After you receive your reports, carefully examine them for inaccuracies that can continue to undermine your efforts to re-establish credit. If you discover claims that are false, contact each agency and:

  • Keep a record of all correspondence.
  • Write a letter to each agency disputing the inaccuracies.
  • Notify the business that reported the false claim in writing and tell them that you are disputing it.
  • Request that the agency contact the business so that the dispute can be resolved.
  • Make sure that a record of your disputes is included in future credit reports.

Secured vs. Unsecured Credit Cards, Which is Best For Your Situation?

There is no stock answer that will work for everyone on this. The particulars of each person’s situation will dictate which option will work best for them but here are some facts to inform your decision:

Secured Credit Cards

Secured credit cards are cards that are issued from banks or credit unions that guarantee a specific line of credit as long as you have a corresponding balance in your account that they can use as collateral if you default on a payment. For example, if you have a $500 line of credit, you must maintain a balance of $500 in your account.

Because your debt is secured by a predetermined amount, you can generally get a more favorable rate of interest from these lenders. But, it is recommended that you pay the full balance each month to keep your account in good standing. Look for a card that will offer the option of becoming unsecured after a period of responsible use.

Unsecured Credit Cards

Unsecured credit cards are easily available from all sorts of lenders and there lies the rub, easy availability. These cards offer huge come-ons about increased lines of credit without the need to maintain a balance, but you run the risk of repeating some of the same mistakes that may have contributed to your bankruptcy in the first place.

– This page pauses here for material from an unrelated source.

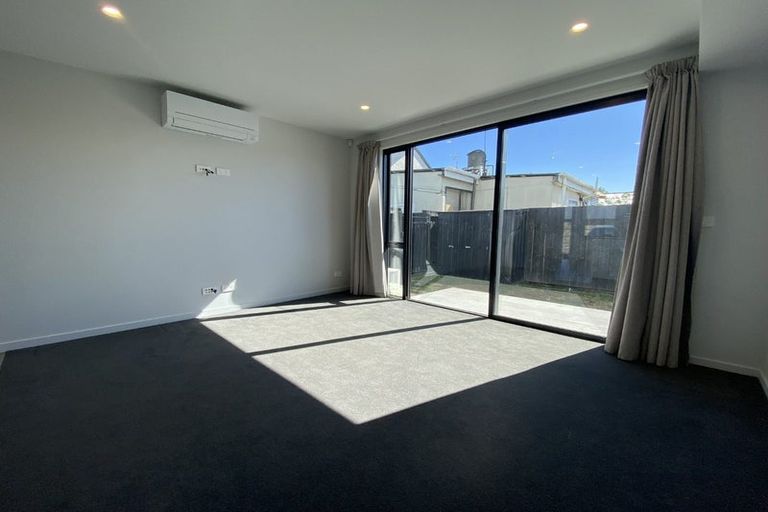 Photo of property in 6/24 Percy Street, Phillipstown, Christchurch, 8011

In fact, there are many credit card outfits out there that specifically target people that have filed for bankruptcy and take advantage of this by offering egregiously high interest rates. Also, they further leverage their position by nickel and diming you with all sorts of application fees meant to prey on your financial vulnerability.

Whichever type of credit card that you choose, make sure that you explore all of your options, and read the fine print before you sign the agreement. There may be hidden fees and costs that will hinder, not help, you in your quest to rebuild your credit rating. Also, make sure that you do not apply for more than 1 or 2 different credit cards. Each rejection will negatively affect your credit rating, and defeat the purpose of getting a credit card in the first place.


Getting a credit card after bankruptcy to start rebuilding your credit rating is a marathon, not a sprint. You must carefully plan when and how to use your credit card so that it becomes an asset instead of a liability.

Make sure that you pay off the full balance each month, well before the due date, and use your credit card only when absolutely necessary. After every 6 months of responsible credit management, call your lender and ask for a lower interest rate. They might not honor your request each time, but they will like the fact that you are actively pursuing the means to manage your credit more effectively.

The next time you reach for your wallet and don’t have the cash on hand to make a purchase, ask yourself, “Is this a want or a need?” If the answer is the former, put your wallet away and congratulate yourself for making another step on the long road of credit rating recovery.